Wednesday, February 20, 2008

A Hard Week

In all respect, I really have NOTHING to complain about. God is good, my family is all well, and I am blessed in even these things, but last week was one of the harder weeks I have every had. Two fridays ago I woke up feeling kind of yucky.  The yuckiness soon evolved into full blown sickness. I guess I got food poisoning. It was horrid. That night my lower back started aching horribly and I had a low fever, I suspect a kidney infection. The next morning I went to the ER (missing a baby shower I was co-hosting) and spending the day hooked up to an IV all alone! Thank the Lord it was nothing but dehydration... Fast forward to Sunday night. At 11:30ish we get a phone call (never a good thing at that time of night) that is from our friend from TN telling us that Tim and I's best friend in TN has suddenly died!  What do you do with that??? As a Christian there is an element of joy... but mostly we just miss him, we are broken hearted for his wife and baby, what good is in this, we are crushed. We spend a day or two in emotional limbo, praying, crying, packing, calling, driving, listening to whining, and finally flying.  In TN we face some reality, but it is still so hard to accept!

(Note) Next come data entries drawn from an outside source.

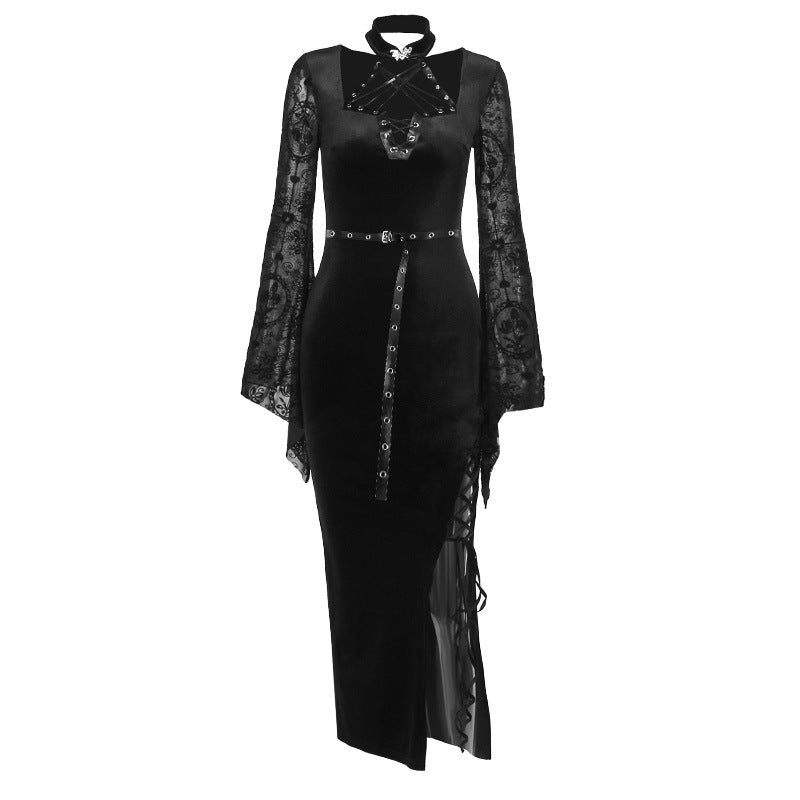 Gothic Style Cut-Out Bodycon Dress with Flare Sleeves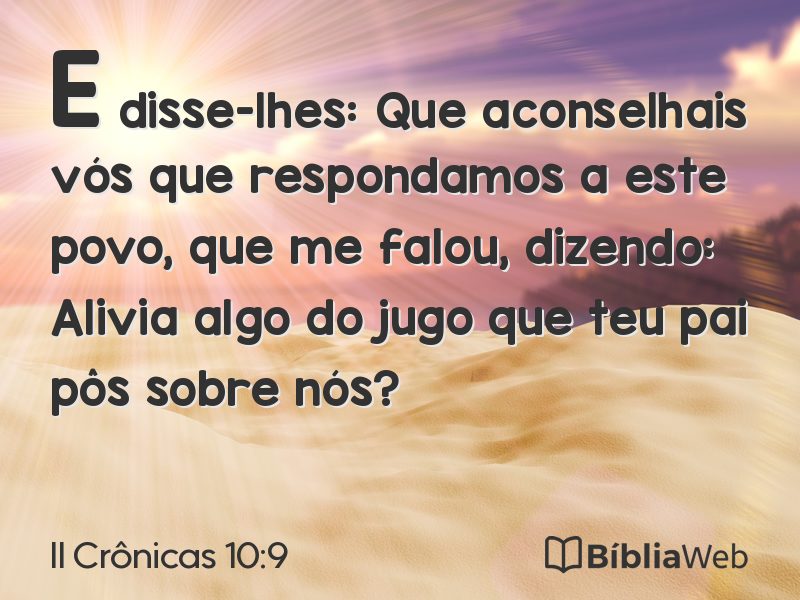 II Crônicas 10:9 em imagem para compartilhar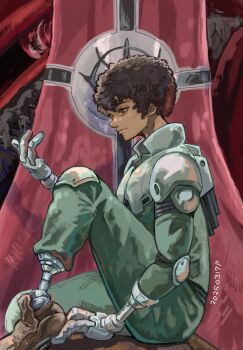 Rule 34 | 1boy, afro, dark-skinned male, dark skin, daryl lorenz, flag, gundam, gundam thunderbolt, highres, knees up, looking at hand, looking to the side, male focus, mecha pilot suit, mechanical arms, mechanical tail, normal suit (gundam), okrdisk2000, sitting, solo, tail, tan, zeon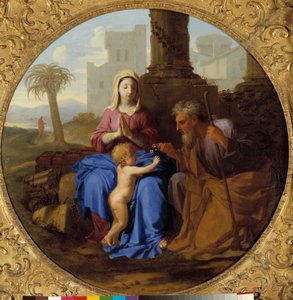 Jomfru og barn med Saint Joseph-maleri av Laurent de La Hyre (1606-1656) av Laurent de la Hyre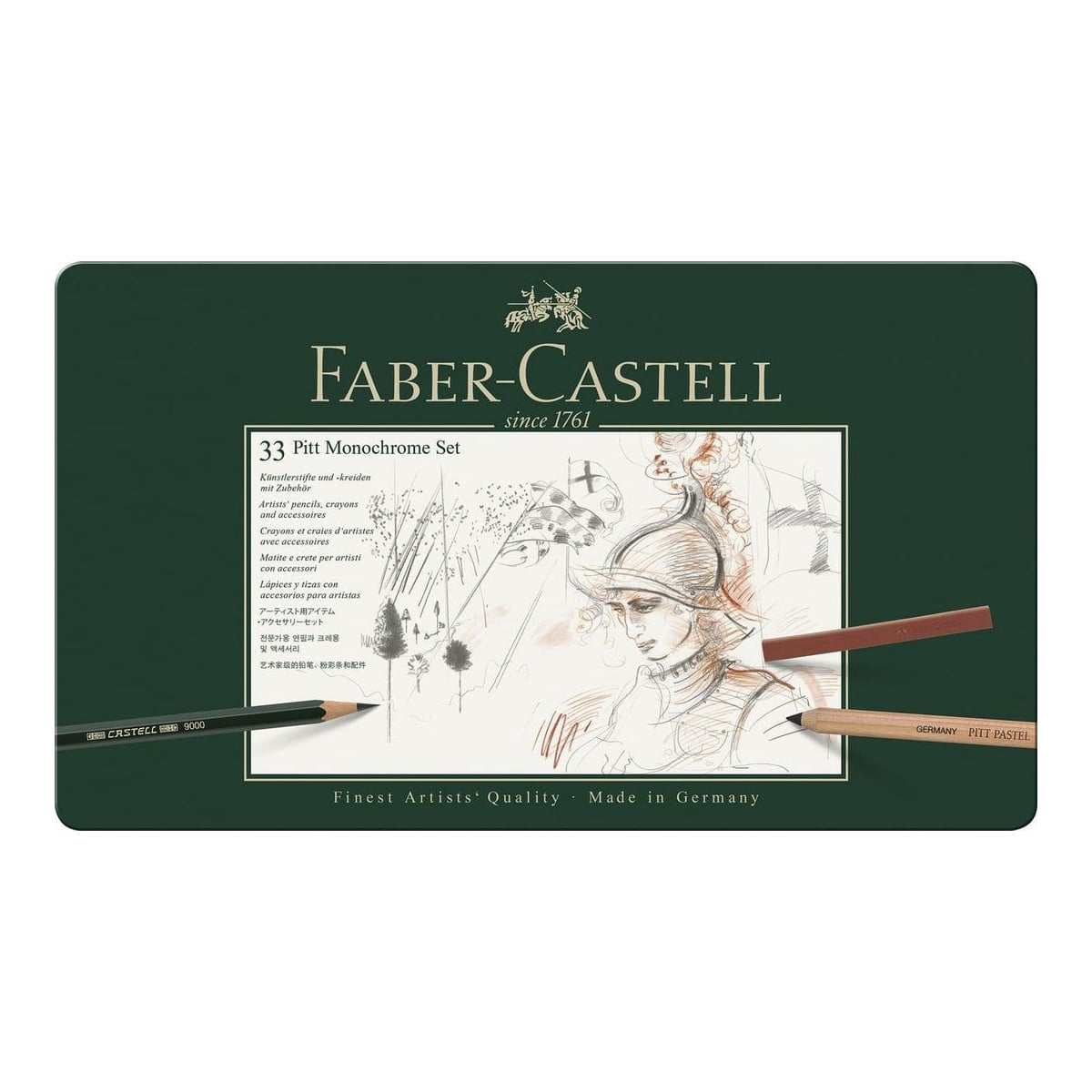 Set Pitt Monochrome Grafit+carbune+pastel 33 Buc Faber-castell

You mean there will be NO more brats and chili and camping? No more amazingly warm smile or a "chat" that is really about something? Just NO more all of a sudden like that? It is just still so hard to comprehend!  We do the funeral... it was amazing, but not nearly as much as he was.  We spend a day in a hibernative state of dullness.  We try to enjoy catching up with other dear friends.  We try to offer SOMETHING, anything to our dear friends wife.... What could we really do? I felt at a loss, nothing could DO.  Such a struggle in my heart, just sadness for her, feeling like I wish I could make it better, but can't at all! So frustrated, so much so I don't think I was any good. We leave...fly to Denver, see our sweet girl, have a big fight, feel hopeless, hug, drive drive drive... Home at last!
It was a doozy, yet I know that all things considered I am really the one that should be thanking the Lord, not complaining.